■ **Try it**: Repeat the listing below in full and exactly. Pictures are to be omitted.

■ **Stored data**:
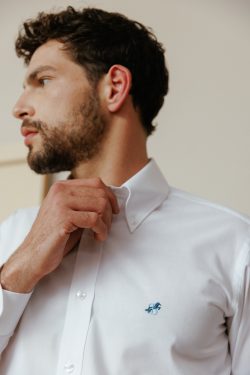 ⁦חולצת אוקספורד - לבן⁩ – תמונה ⁦4⁩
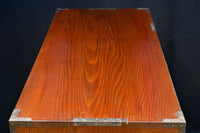 上品な艶色と桜金具の格調ある極上米沢衣裳箪笥 BB3063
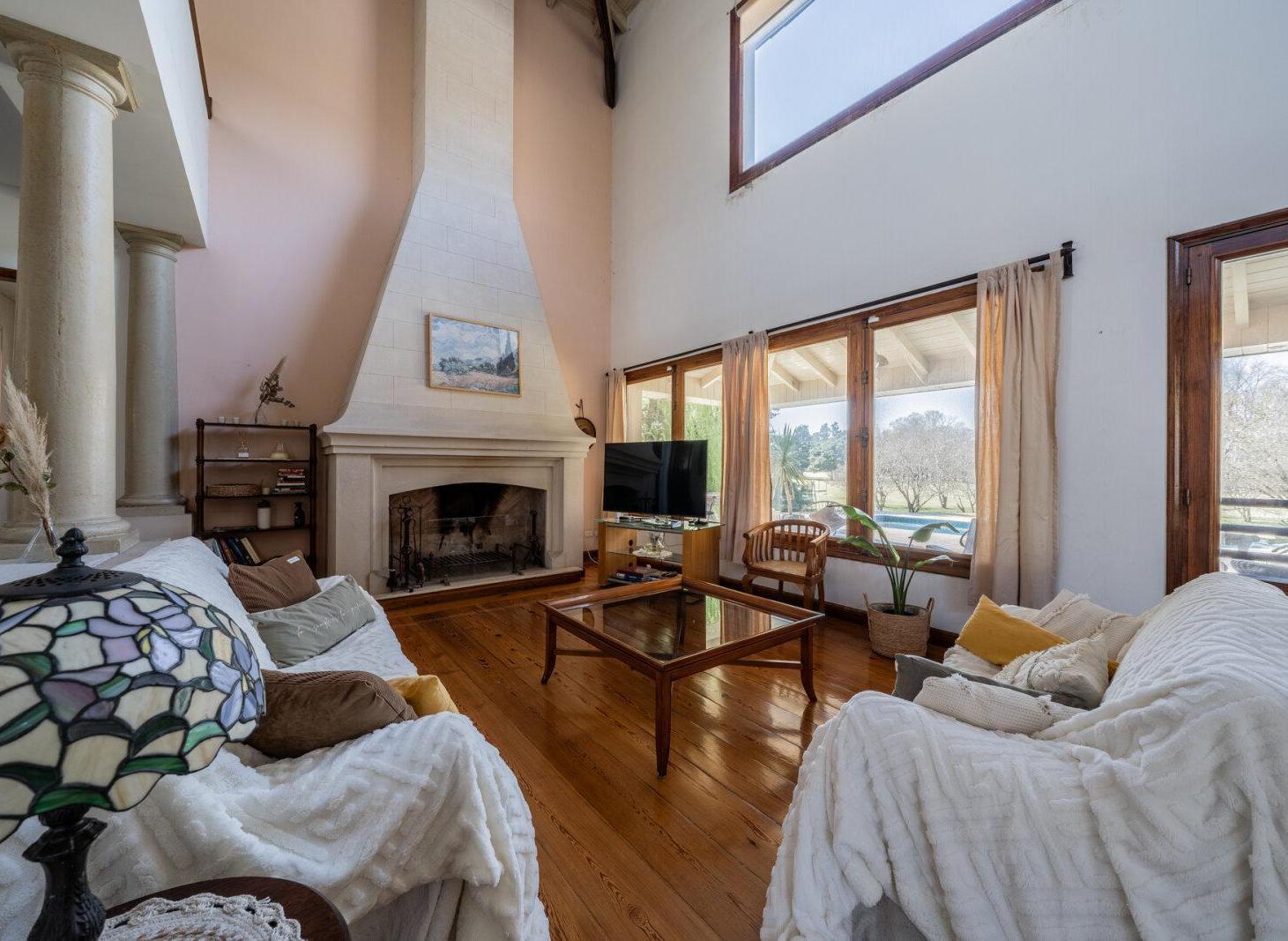 Foto de VENTA. Casa 6 Amb c/dos cocheras y piscina. VISTA AL CAMPO DE GOLF, imagen 3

■ **Solution to the exercise**:
 ⁦חולצת אוקספורד - לבן⁩ – תמונה ⁦4⁩
 上品な艶色と桜金具の格調ある極上米沢衣裳箪笥 BB3063
 Foto de VENTA. Casa 6 Amb c/dos cocheras y piscina. VISTA AL CAMPO DE GOLF, imagen 3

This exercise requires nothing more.